「お客様は電気ドリルが欲しいんじゃない、穴が欲しいんだ」
「電気ドリル」事業の創始者は、血のにじむ様な思いをして消費者の「穴」が欲しいという課題を「電気ドリル」という商品で解決し、大きな事業体にまで発展させた。時代が経るにつれ、消費者の「穴」へのニーズが徐々に変容し、多様なアプローチの仕方を求める様になり、他の道具へのシフトが起きてきた。それに対して「電気ドリル」協会は、他の道具の「穴」を開けるプロセスに危険性があり、それを検証する社会的仕組みが必要だと政府に働きかけ、許認可制度を新たに設けた。

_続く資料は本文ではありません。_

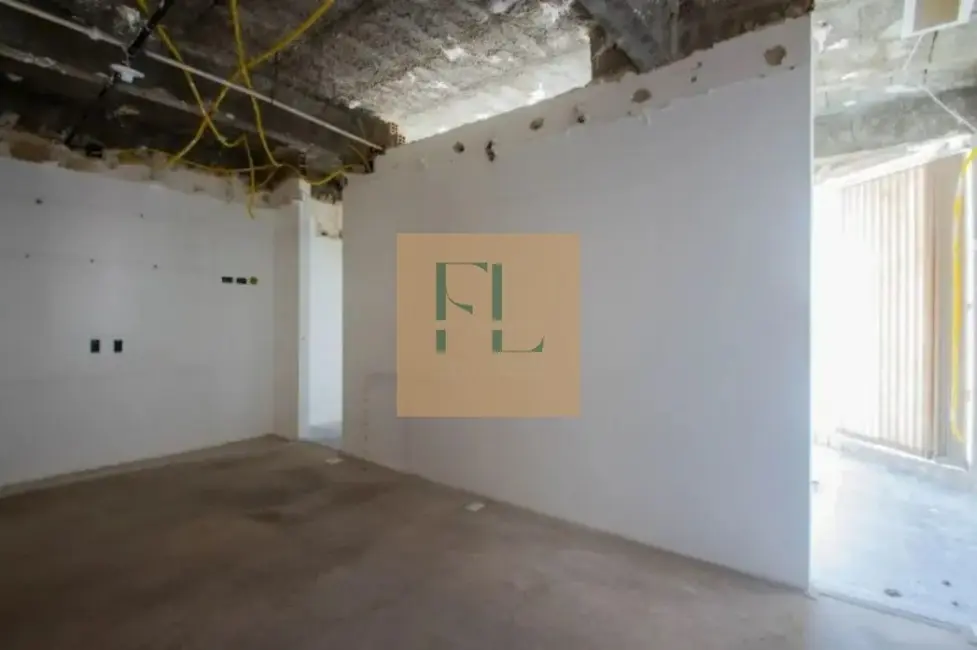 Foto 4 de Loja para alugar, 505m2 em Boa Viagem, Recife - PE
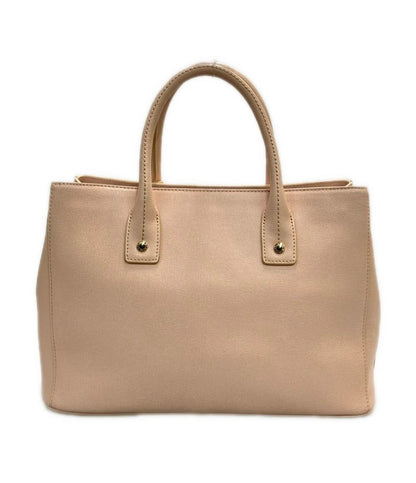 フルラ 2wayハンドバッグ ショルダーバッグ 肩掛け レディース Furla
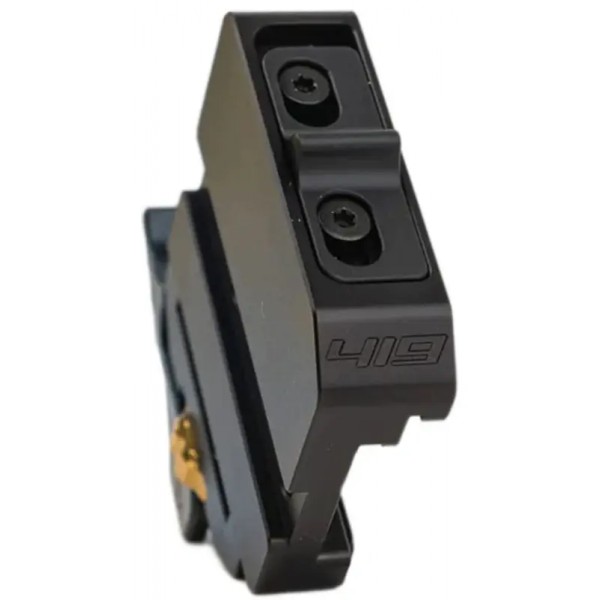 Кріплення Accu-Tac Arcalock ARCA/Picatinny - 17750195 Кріплення Accu-Tac Arcalock ARCA/Picatinny - 17750195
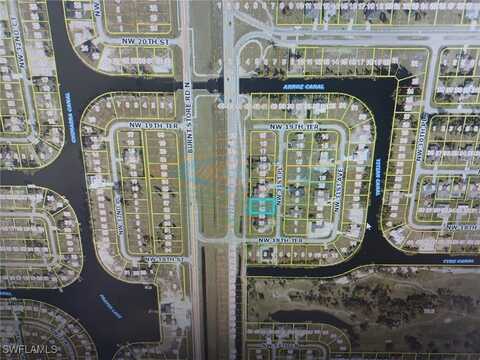 undefined, Cape Coral, FL 33993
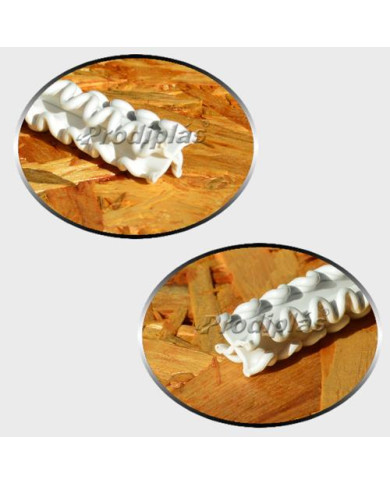 Cristal  1,10x2,00_Nº716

(注)
お客様はあくまでも顧客価値(=穴)を求め、それを効果的、効率的に実現する為の商品(=電気ドリル)を購入している訳である。お客様が見るのは、提供価値ではなく、顧客価値である。ところが、企業側はひたすら自社の提供価値を見続け、ベンチマーキング的に改善を図ろうとする。短期的には両者間で大きなギャップは生じないであろう。が、技術革新や生活様式の変化、そして人々の意識や価値観が変わるにつれ、業界全体の売上伸び率の伸び悩みや利益率の低下などが生じ始め、顧客価値と提供価値との間のズレは大きくなる。そして創業者が消費者の思いを汲み上げて事業を発展させたのに対し、その後継者は身内に目を向け続け、ますます消費者との距離感を広げていく。
「何が消費者の求める顧客価値か」を考え続ける事が持続可能な事業活動の秘訣ではなかろうか。